'''

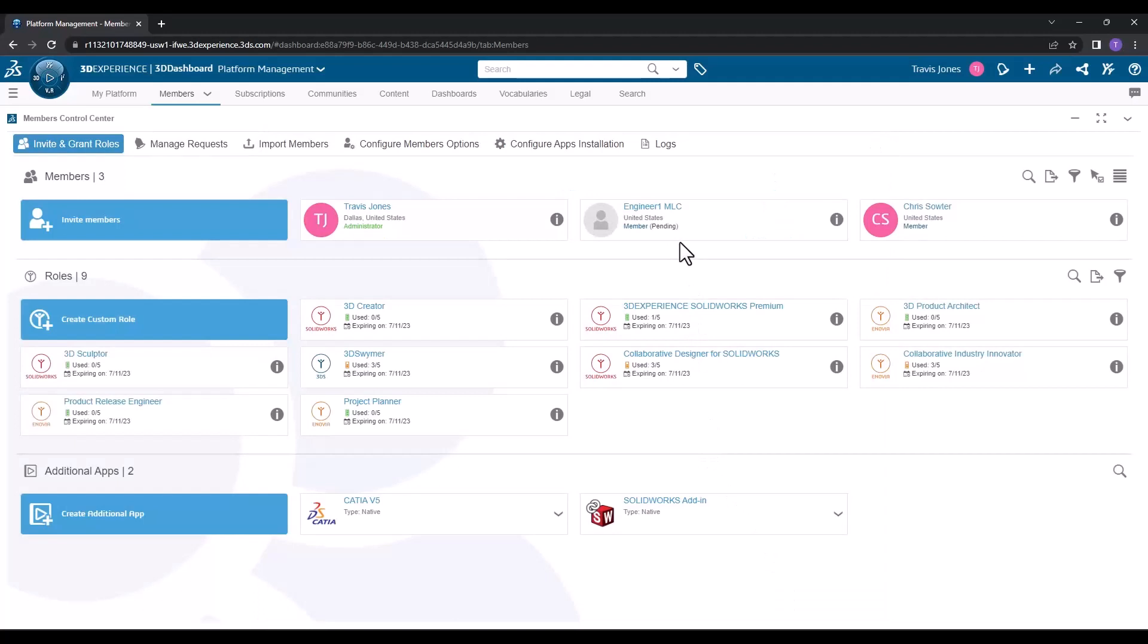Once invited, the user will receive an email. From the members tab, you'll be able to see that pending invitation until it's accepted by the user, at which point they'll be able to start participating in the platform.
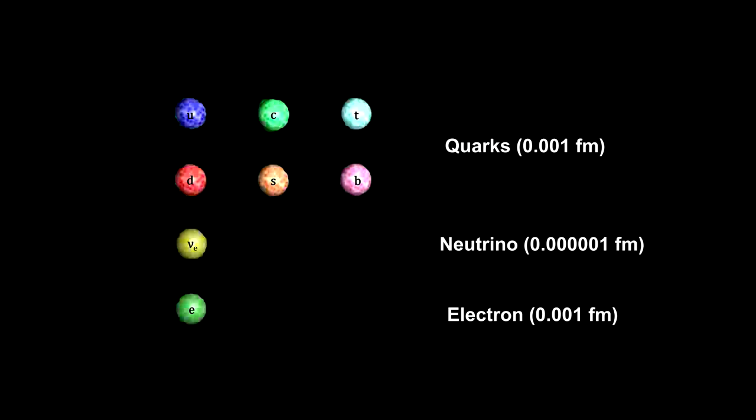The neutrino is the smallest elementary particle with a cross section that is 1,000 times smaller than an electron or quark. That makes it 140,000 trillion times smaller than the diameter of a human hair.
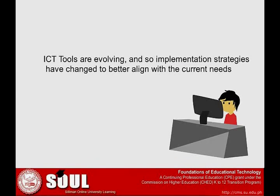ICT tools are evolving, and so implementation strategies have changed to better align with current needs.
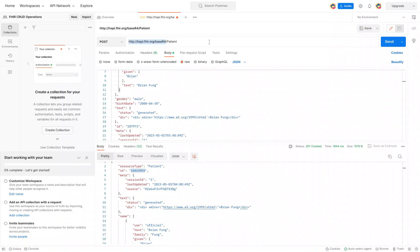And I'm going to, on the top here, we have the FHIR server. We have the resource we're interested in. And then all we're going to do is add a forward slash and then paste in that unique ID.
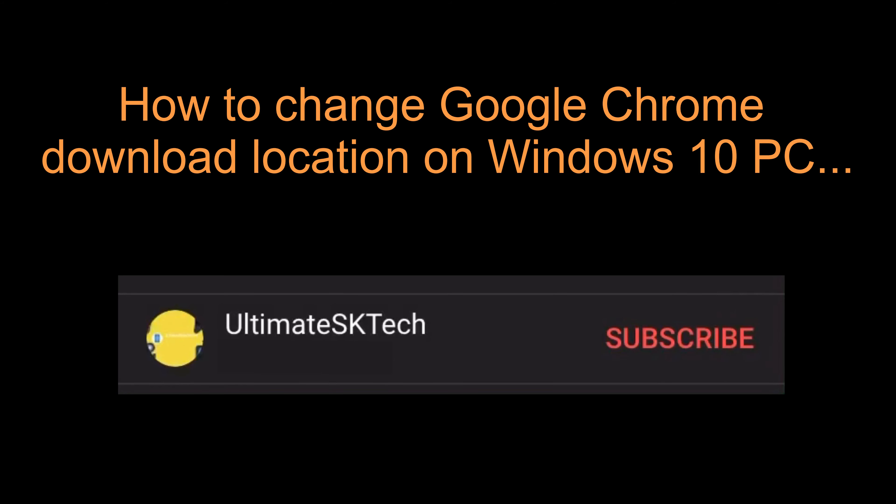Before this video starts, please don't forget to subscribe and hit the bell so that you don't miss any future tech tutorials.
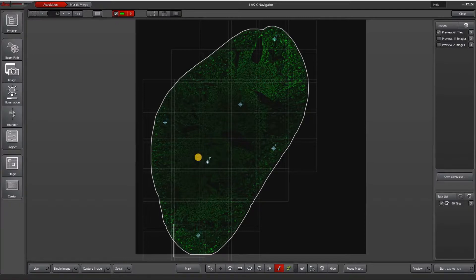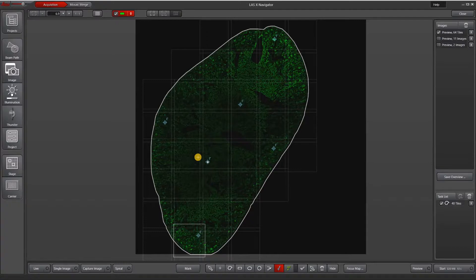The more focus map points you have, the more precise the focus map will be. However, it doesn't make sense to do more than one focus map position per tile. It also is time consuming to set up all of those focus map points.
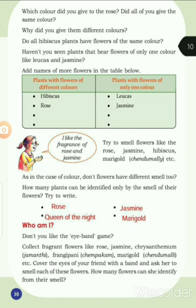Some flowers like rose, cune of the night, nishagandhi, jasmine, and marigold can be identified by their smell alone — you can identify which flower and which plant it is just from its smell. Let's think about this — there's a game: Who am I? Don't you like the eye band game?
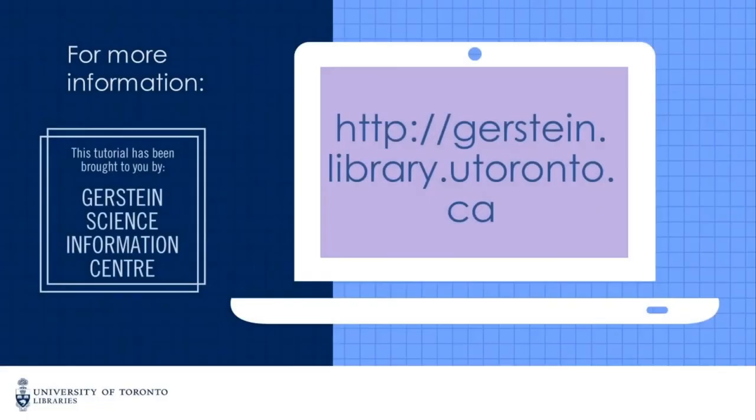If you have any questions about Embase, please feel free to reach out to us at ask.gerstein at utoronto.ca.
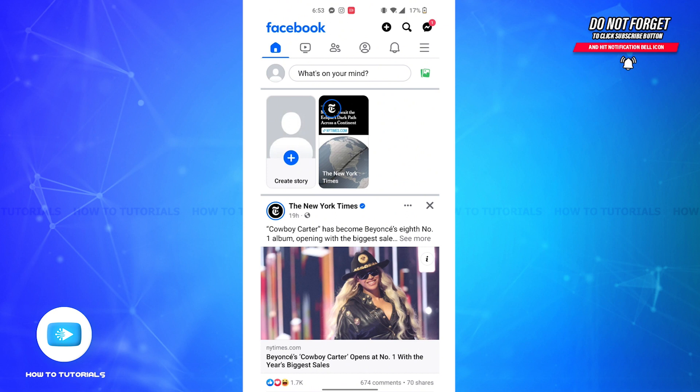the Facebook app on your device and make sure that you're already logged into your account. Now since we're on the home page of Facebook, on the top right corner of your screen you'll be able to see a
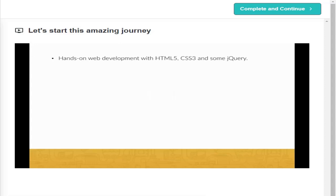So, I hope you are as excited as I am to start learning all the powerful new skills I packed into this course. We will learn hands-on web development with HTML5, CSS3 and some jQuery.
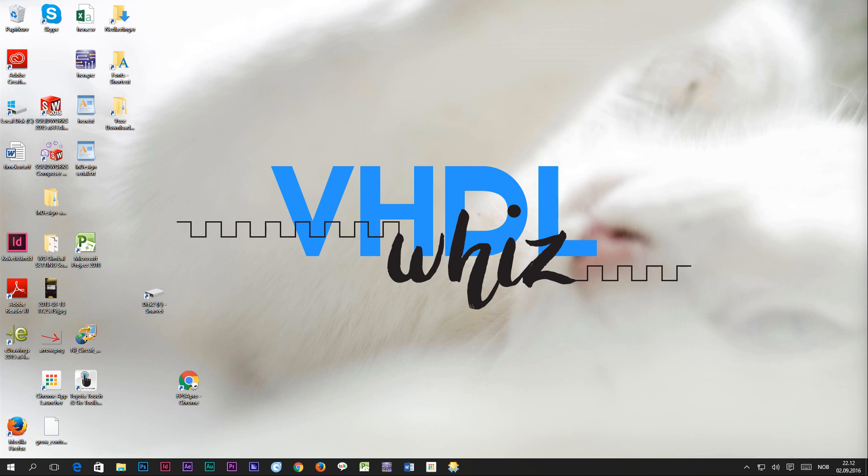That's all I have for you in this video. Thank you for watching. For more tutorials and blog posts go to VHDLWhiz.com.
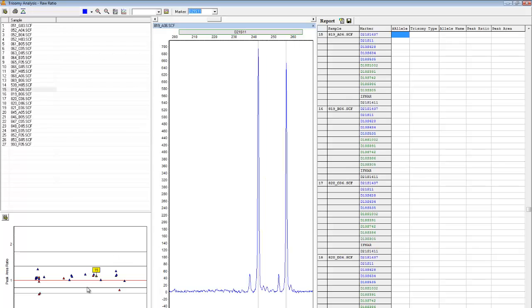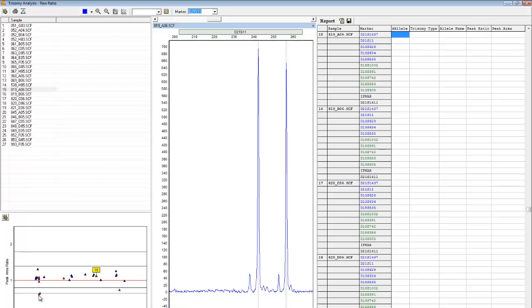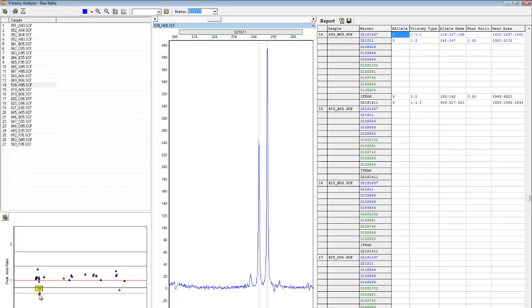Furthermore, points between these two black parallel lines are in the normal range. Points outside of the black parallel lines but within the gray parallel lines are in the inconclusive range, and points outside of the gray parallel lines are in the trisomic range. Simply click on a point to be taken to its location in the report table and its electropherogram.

'''

__WORK TASK__: When you return the listing, keep it exact and omit any pictures it holds.

__SOLUTION__:
Once invited, the user will receive an email. From the members tab, you'll be able to see that pending invitation until it's accepted by the user, at which point they'll be able to start participating in the platform.
The neutrino is the smallest elementary particle with a cross section that is 1,000 times smaller than an electron or quark. That makes it 140,000 trillion times smaller than the diameter of a human hair.
ICT tools are evolving, and so implementation strategies have changed to better align with current needs.
And I'm going to, on the top here, we have the FHIR server. We have the resource we're interested in. And then all we're going to do is add a forward slash and then paste in that unique ID.
Before this video starts, please don't forget to subscribe and hit the bell so that you don't miss any future tech tutorials.
The more focus map points you have, the more precise the focus map will be. However, it doesn't make sense to do more than one focus map position per tile. It also is time consuming to set up all of those focus map points.
Some flowers like rose, cune of the night, nishagandhi, jasmine, and marigold can be identified by their smell alone — you can identify which flower and which plant it is just from its smell. Let's think about this — there's a game: Who am I? Don't you like the eye band game?
If you have any questions about Embase, please feel free to reach out to us at ask.gerstein at utoronto.ca.
the Facebook app on your device and make sure that you're already logged into your account. Now since we're on the home page of Facebook, on the top right corner of your screen you'll be able to see a
So, I hope you are as excited as I am to start learning all the powerful new skills I packed into this course. We will learn hands-on web development with HTML5, CSS3 and some jQuery.
That's all I have for you in this video. Thank you for watching. For more tutorials and blog posts go to VHDLWhiz.com.
Furthermore, points between these two black parallel lines are in the normal range. Points outside of the black parallel lines but within the gray parallel lines are in the inconclusive range, and points outside of the gray parallel lines are in the trisomic range. Simply click on a point to be taken to its location in the report table and its electropherogram.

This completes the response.